BEGINNINGS OF ROME AND THE PRIMITIVE ROMAN COMMONWEALTH

About fourteen miles upstream from the mouth of the river Tiber, and on either bank of the latter, rise gentle slopes, the higher on the right, the lower on the left; to the latter for at least two and a half thousand years the name of the Romans has been affixed. It cannot, of course, be positively declared how and when it arose, it is only certain that in the oldest form of the name known to us, the inhabitants of the province were not called Romans but—with a change of pronunciation natural enough in the more ancient stages of a language but not continued in the Latin known to us—Ramnians or Ramnes; an eloquent witness to the immemorial antiquity of this name. The exact derivation cannot be determined; it is possible that the Ramnes are the people of the stream. But they did not dwell alone on the bank of the Tiber. In the oldest classification of the Roman citizens, we find traces showing that the nation derived its origin from the fusion into a single commonwealth of three once apparently independent tribes, the Ramnes, the Tities, and the Luceres: that is, from a synoikismos like that whence Athens arose in Attica.[3]

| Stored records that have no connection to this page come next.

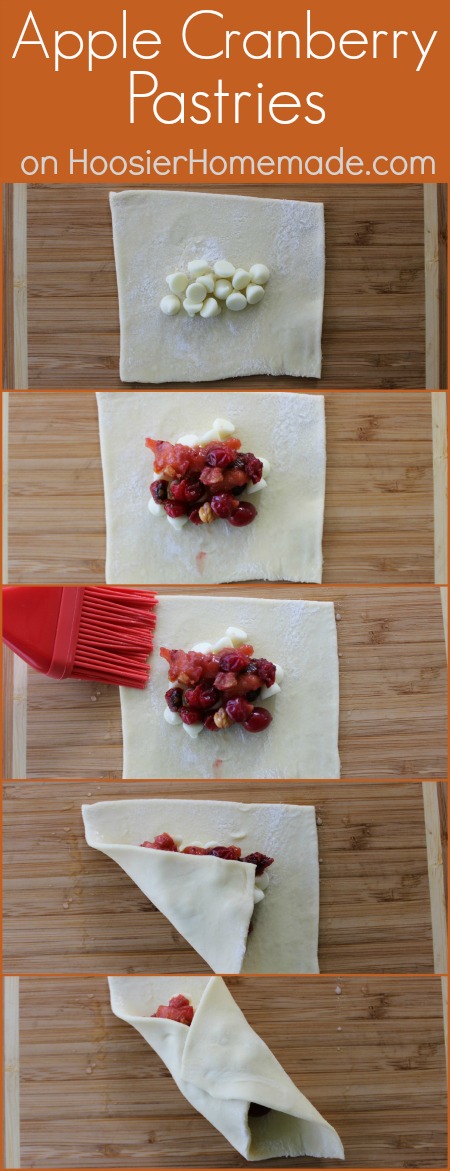 Apple Cranberry Pastries | Recipe on HoosierHomemade.com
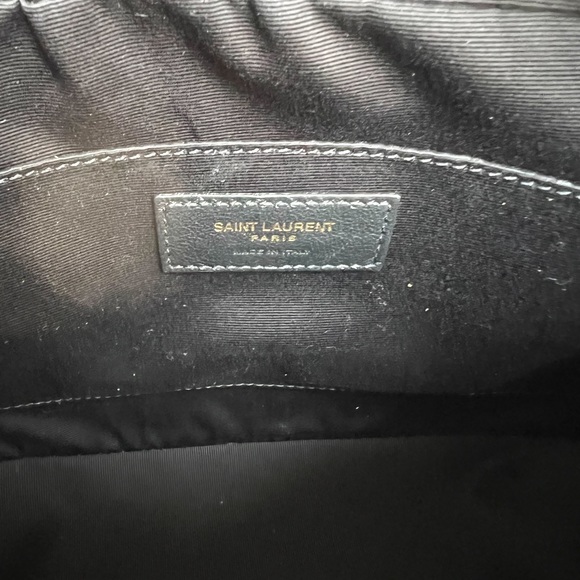 Saint Laurent Lou Medium YSL Quilted Camera Crossbody Bag with Pocket - Picture 9 of 10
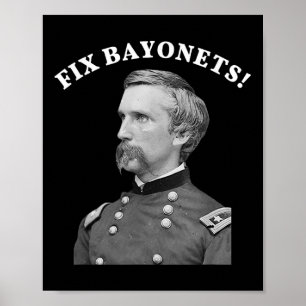 Fix Bayonets Civil War Quote Joshua Chamberlain  Poster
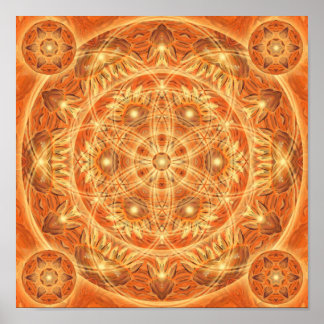 Póster Mandala de Acción de Gracias
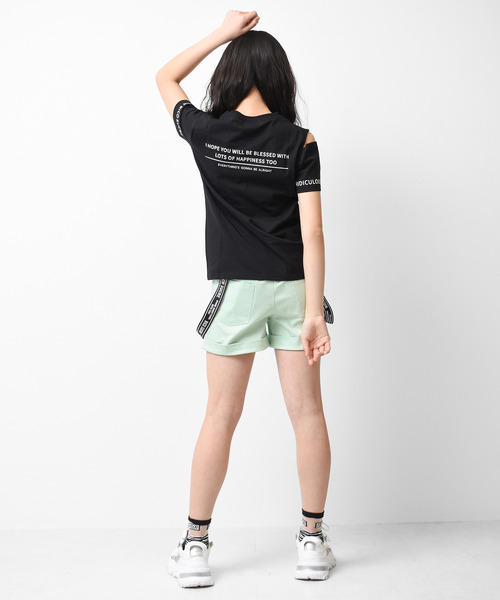 セール】肩スリットTシャツ（Tシャツ/カットソー）｜RiCO SUCRE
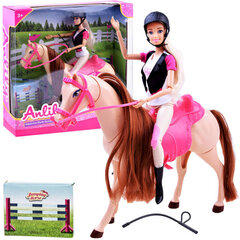 Lėlė jojikė Anlily su judančiu žirgu kaina ir informacija | Žaislai mergaitėms | pigu.lt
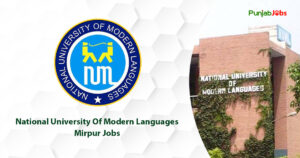 National University Of Modern Languages Mirpur Jobs 2023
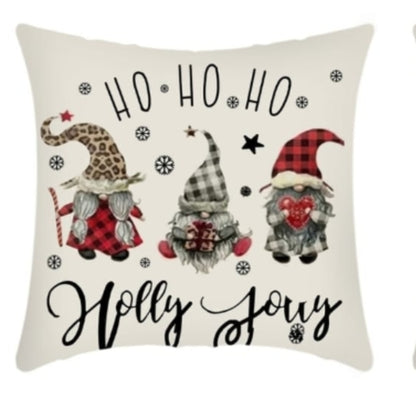 2pcs Christmas  Linen Throw pillow cases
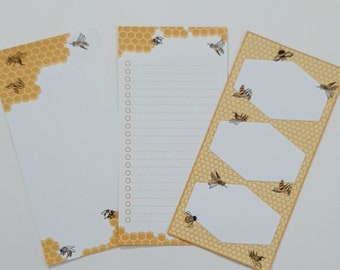 The cute bee memo notepad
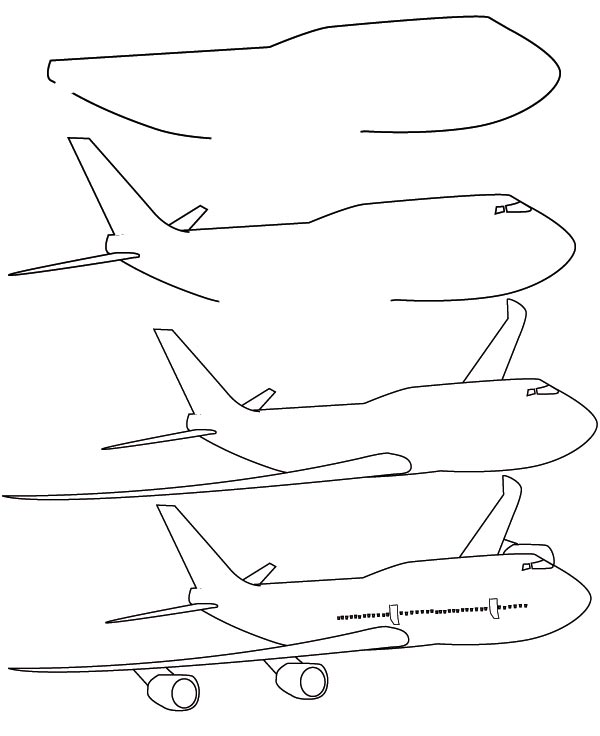 600x736 drawing plane - Plane Drawing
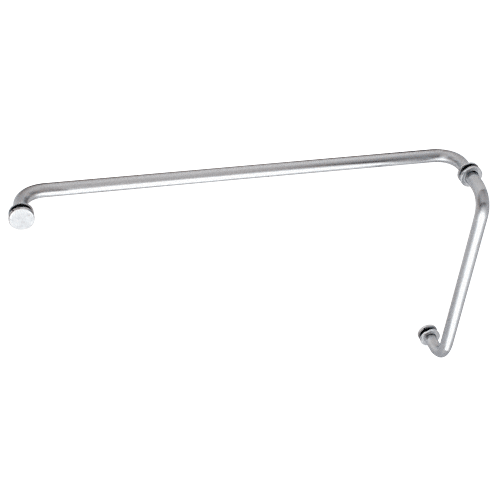 Brushed Satin Chrome 12" Pull Handle and 24" Towel Bar BM Series Combination With Metal Washers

Again, after the union, each of these three ancient communities, which had now become demes, owned a third of the common lands, and was similarly represented in the militia as well as in the council of the elders, whilst in the religious organisation the numbers of the six vestal virgins, the three high priests of Jupiter, Mars, and Quirinus, are apparently to be referred to this threefold division.

The most wanton absurdities have been founded on the existence of the three elements into which the ancient Roman commonwealth was divided; the irrational idea that the Roman nation was a mixed race is connected with it, and its supporters labour in various ways to represent the three great Italian races as the component elements of ancient Rome, and to transform the people which developed its speech, its government, and its religion with a purity and national spirit attained by few others, into a confused mass of Etruscan, Sabine, Hellenic, and, still worse, even Pelasgic elements. Setting aside the sometimes contradictory, sometimes groundless hypotheses, all that can be said concerning the nationality of the various elements of the ancient Roman commonwealth may be summed up in a few words. That the Ramnes were of Latin origin cannot be doubted, since they gave their name to the new Roman commonwealth and maintained the chief place amongst the three tribes, so that they must have decided the nationality of the united community.

As to the descent of the Luceres, nothing can be said except that there is no obstacle to their being regarded as a Latin tribe like the Ramnes. On the other hand the second of these tribes is unanimously derived from that of the Sabines, doubtless on the authority of a respectable and authentic tradition of the “Titian brotherhood” which claimed to have been founded on the admission of the tribe to the confederacy for the preservation of its peculiar national ritual. Traces of such an aboriginal Sabine worship are in fact to be found in Rome; as for instance the honouring of Maurs or Mars and of Semo Sancus, side by side with the corresponding Latin Dius Fidius. It was at a very remote period, when the Latin and Sabine tribes were yet unquestionably far less distinctly unlike in language and customs than were the Roman and the Samnite later, that a Sabellian community entered into a Latin tribal union; exactly in the same way that some centuries afterwards the Sabine clan of Attus Clanzus, or Appius Claudius, and his clients emigrated to Rome, obtained a grant of land on the right bank of the Anio and was soon completely absorbed into the Roman community.